The FTC found that for several months in 2011 and 2012, Google placed an advertising tracking cookie on the computers of Safari users who visited sites within Google’s DoubleClick ad network, even though it has previously told these users they would automatically be opted out of such tracking, because of default settings in the Safari browser in Macs, iPhones and iPads.
The FTC alleged that Google told Safari users they did not need to worry about the unavailability of opt-out, because Safari's cookie controls would provide the same protection as the opt-out.
According to the FTC, this promise was not kept and Google ended up placing tracking cookies in many Safari users' browsers, despite its promise to give those users the same treatment as opted-out users.
The FTC charged that Google's misrepresentations violated a previous settlement reached in October last year, which barred Google from misrepresenting the extent to which consumers can exercise control over the collection of their information, resolving privacy charges relating to the launch of its social network, Google Buzz.

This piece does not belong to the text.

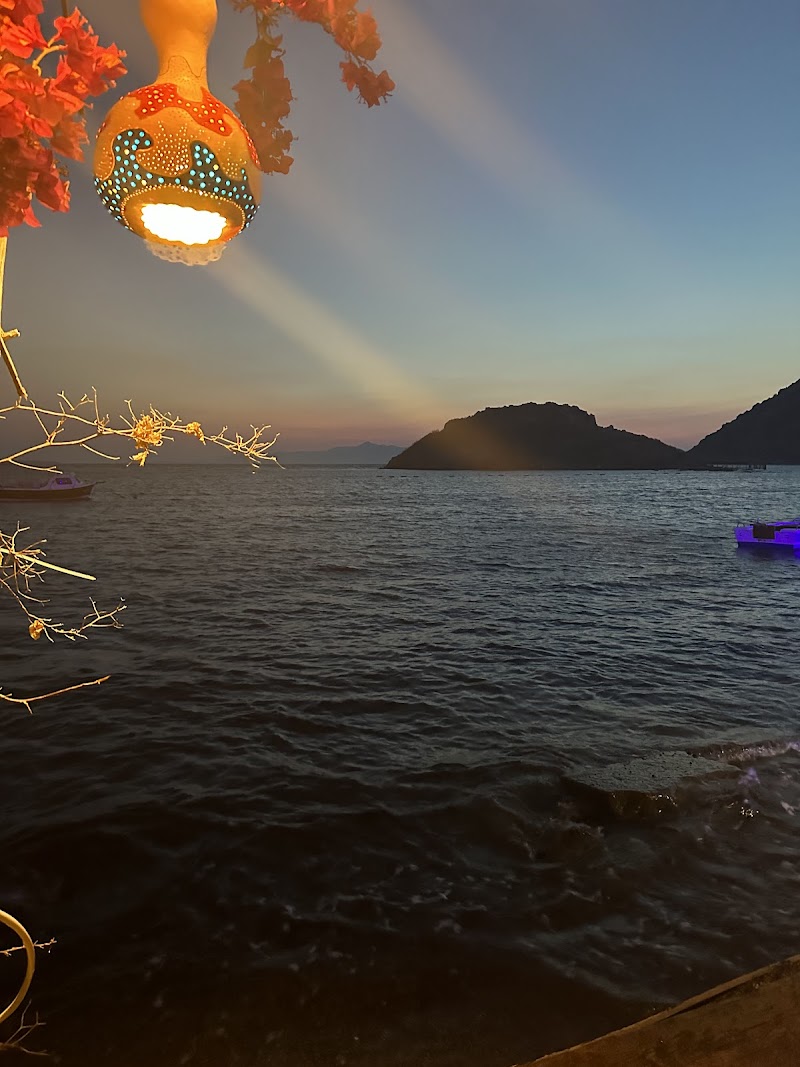 Gümüşlük Sahne fotoğrafı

Jon Leibowitz, chairman of the FTC said the record penalty sent a "clear message to all companies under an FTC privacy order".
He said: "No matter how big or small, all companies must abide by FTC orders against them and keep their privacy promises to consumers, or they will end up paying many times what it would have cost to comply in the first place."
Google gave a robust defence in a statement saying: "We set the highest standards of privacy and security for our users. The FTC is focused on a 2009 help center page published more than two years before our consent decree, and a year before Apple changed its cookie-handling policy.
"We have now changed that page and taken steps to remove the ad cookies, which collected no personal information, from Apple's browsers."
The FTC wrote on its blog yesterday (9 August): "To its credit, Google started destroying those cookies early, without waiting for the settlement to be finalised, so virtually all of the relevant cookies should be gone by now."
This is the second time Google has been fined by the FTC this year, after receiving a $25,000 (£15,900) penalty in April for capturing personal data from Wi-Fi networks, via its Street View cars.
Google is also subject to an ongoing FTC probe, to explore whether the company is overly dominant in search.
In Europe, the EU's investigation into Google appears to be close to resolution, with reports saying a settlement is in the process of being drawn up.